À nouveau, ma mauvaise habitude de me réveiller avec les nouvelles stimule mon besoin de partager mon indignation face à une situation totalement inacceptable. Pour vous mettre en contexte :
Scandale sexuel au centre de réadaptation cité des prairies : https://www.lapresse.ca/actualites/justice-et-faits-divers/2024-10-24/montreal/scandale-sexuel-au-centre-de-readaptation-cite-des-prairies.php
Au cours des deux dernières années, au moins neuf éducatrices en poste au centre de réadaptation Cité-des-Prairies, où sont notamment hébergés des jeunes ayant commis des crimes, ont eu des échanges sexuels avec au moins cinq résidants mineurs. À la suite d’une enquête interne, deux gestionnaires ont été suspendus, a appris La Presse.
Malheureusement pas la première histoire du genre. Encore une couche de préjugé vient de se rajouter dans le grand public sur la profession d’éducateur. Alors vous vous demandez peut-être pourquoi je lie ce genre d’histoire à la question d’un ordre professionnel? Tout simplement parce que techniquement, les 9 personnes concernées dans cette histoire pourraient, sans aucun problème, être de nouveau employée à titre d’éducatrice, malgré une inconduite grave dans un contexte professionnel. Je m’explique.

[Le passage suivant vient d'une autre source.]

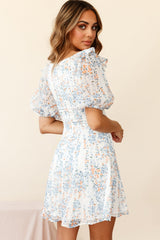 Cherub Puff Sleeve Sweetheart Neckline Dress Floral Print White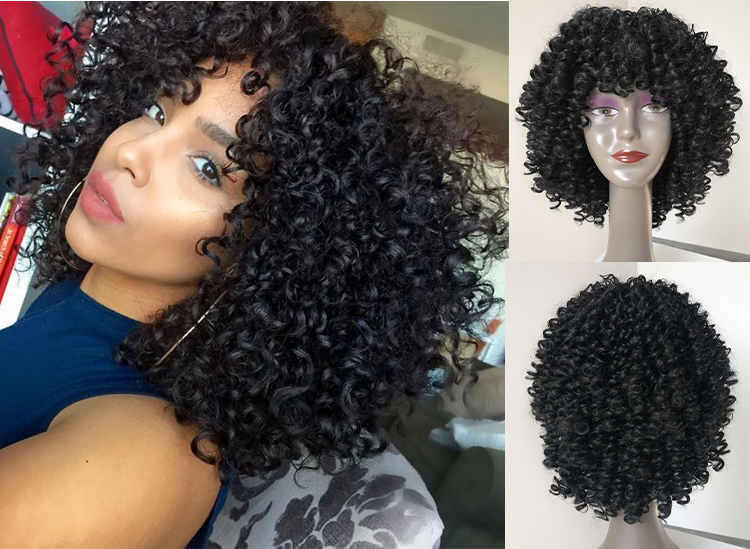 Hot Selling Cheap Synthetic Hair Wig hair straight short for black women curly headband wig for sale kinky natural afro wigs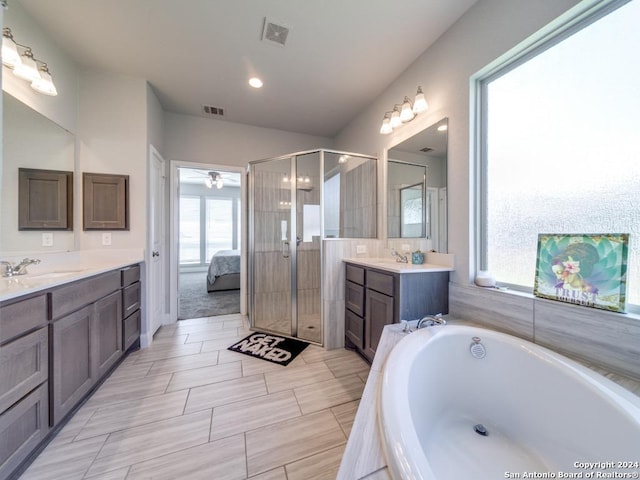 bathroom featuring plenty of natural light, independent shower and bath, and vanity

À l’heure actuelle, l’Association des Éducatrices et Éducateurs Spécialisés du Québec a bel et bien un mécanisme de plainte qui a pour but de protéger le public. L’AEESQ peut réceptionner les plaintes, analyser le dossier, émettre des recommandations et bannir quelqu’un de l’association. Toutefois, sa portée est limitée. En effet, son pouvoir s’arrête là : empêcher quelqu’un d’avoir un membership de l’association, et avoir une plainte à son dossier advenant qu’une personne décide de l’interpeller pour connaître ses antécédents.
De plus, l’association est jointe sur base volontaire, et ne peut qu’évaluer des plaintes uniquement envers ses membres. C’est donc dire que si les 9 personnes accusées dans l’article ne sont pas membres, l’AEESQ est impuissante. C’est donc dire que ces 9 personnes, advenant qu’elle trouve la manière de changer de région et de convaincre un nouvel employeur de les embaucher, elle pourrait sans aucun problème œuvrer de nouveau à titre d’éducatrice. Vous vous dite, mais non ce n’est pas possible ! Tous les employeurs vont faire les vérifications qui se doivent ! Non.

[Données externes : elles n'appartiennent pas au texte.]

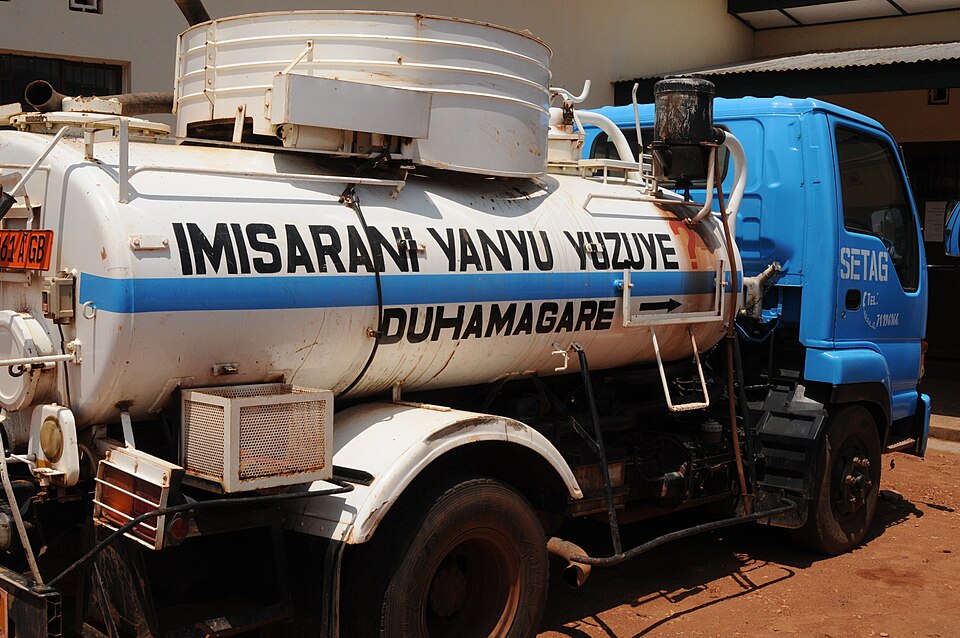 Vacuum tanker used for emptying septic tanks, photographed in Gitega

Une simple discussion avec des éducatrices du milieu scolaire pourrait vous convaincre autrement. Il y a des éducateurs qui passent d’une école à l’autre lorsqu’ils se font renvoyer d’un milieu, voire même d’une commission scolaire à l’autre lorsque les directions réussissent à monter un dossier suffisamment complet pour justifier le renvoi. Ces mêmes personnes peuvent continuer à travailler à titre d’éducateurs. Même chose avec les éducateurs pris en défaut à la DPJ dans le scandale qui a été exposé il y a quelques semaines en Mauricie. Des risques liés à notre profession, il y en a.
Mais le gouvernement fait toujours la sourde oreille. Certains ordres professionnels freinent les démarches des éducateurs afin de rejoindre l’office des professions. La candidature des éducateurs est mise sur la glace, car il n’y a pas d’urgence, parce qu’il y a une réforme, parce qu’avec les professeurs c’est pire, parce que, parce que, parce que. La profession d’éducateur n’est pas valorisée, elle n’est pas reconnue pour sa spécificité, et les risques associés sont minimisés.
Lorsque les éducateurs cesseront d’être traités comme du personnel de soutien. Lorsque les éducateurs cesseront d’être vu de haut pas les autres corps de métiers œuvrant en intervention. Lorsque le gouvernement verra les éducateurs comme autre chose que des aides à la classe. Lorsque la population nous verra comme une partie intégrante des solutions en santé dans le domaine de la santé mentale, peut-être la profession deviendra plus intéressante, plus sécuritaire.
L’ordre n’est pas garante de tout, mais elle pourrait au minimum nous permettre de faire du ménage parmis las personnes qui occupent ce rôle et s’assurer que les personnes non qualifiée, ou celles qui comettent des fautes graves, ne puissent plus jamais intervenir à titre d’éducateur auprès de qui que ce soit.